**Material for the task**

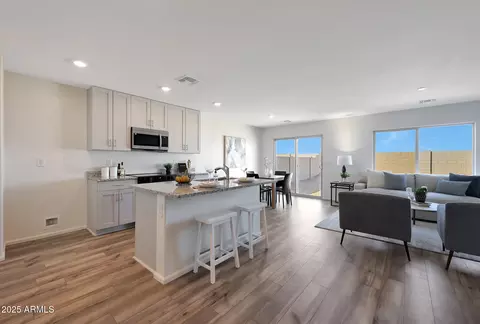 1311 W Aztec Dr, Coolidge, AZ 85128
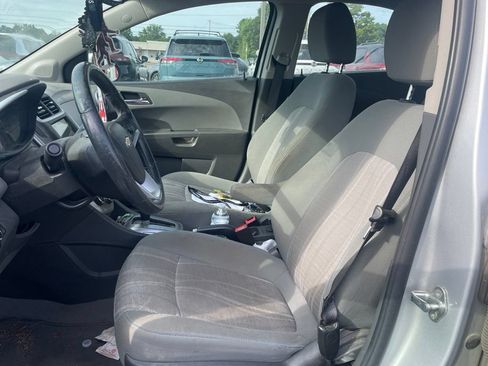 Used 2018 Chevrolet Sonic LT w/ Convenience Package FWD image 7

==

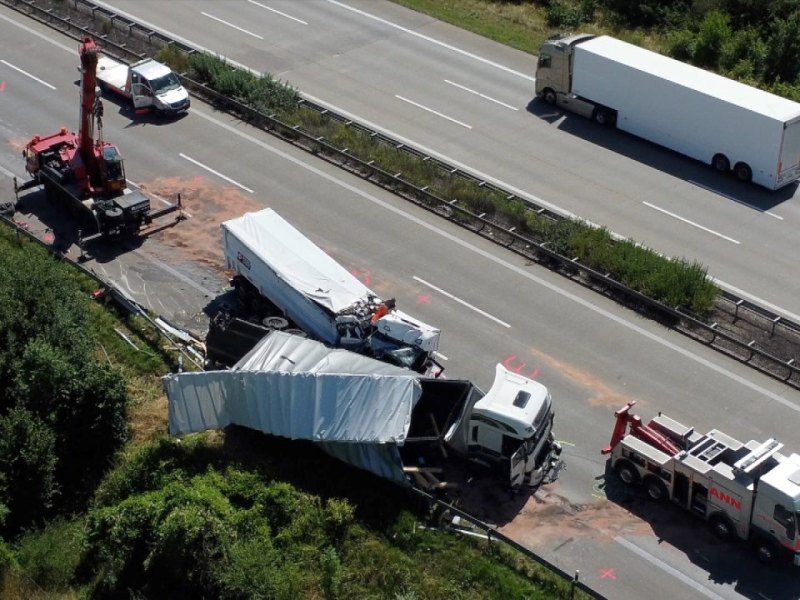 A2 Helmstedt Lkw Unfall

**What needs to be done**
Without the pictures, give again exactly the lines above starting at the line containing "1311 W Aztec Dr, Coolidge, AZ 85128" and ending at the line containing "Used 2018 Chevrolet".

**Response below**
 1311 W Aztec Dr, Coolidge, AZ 85128
 Used 2018 Chevrolet Sonic LT w/ Convenience Package FWD image 7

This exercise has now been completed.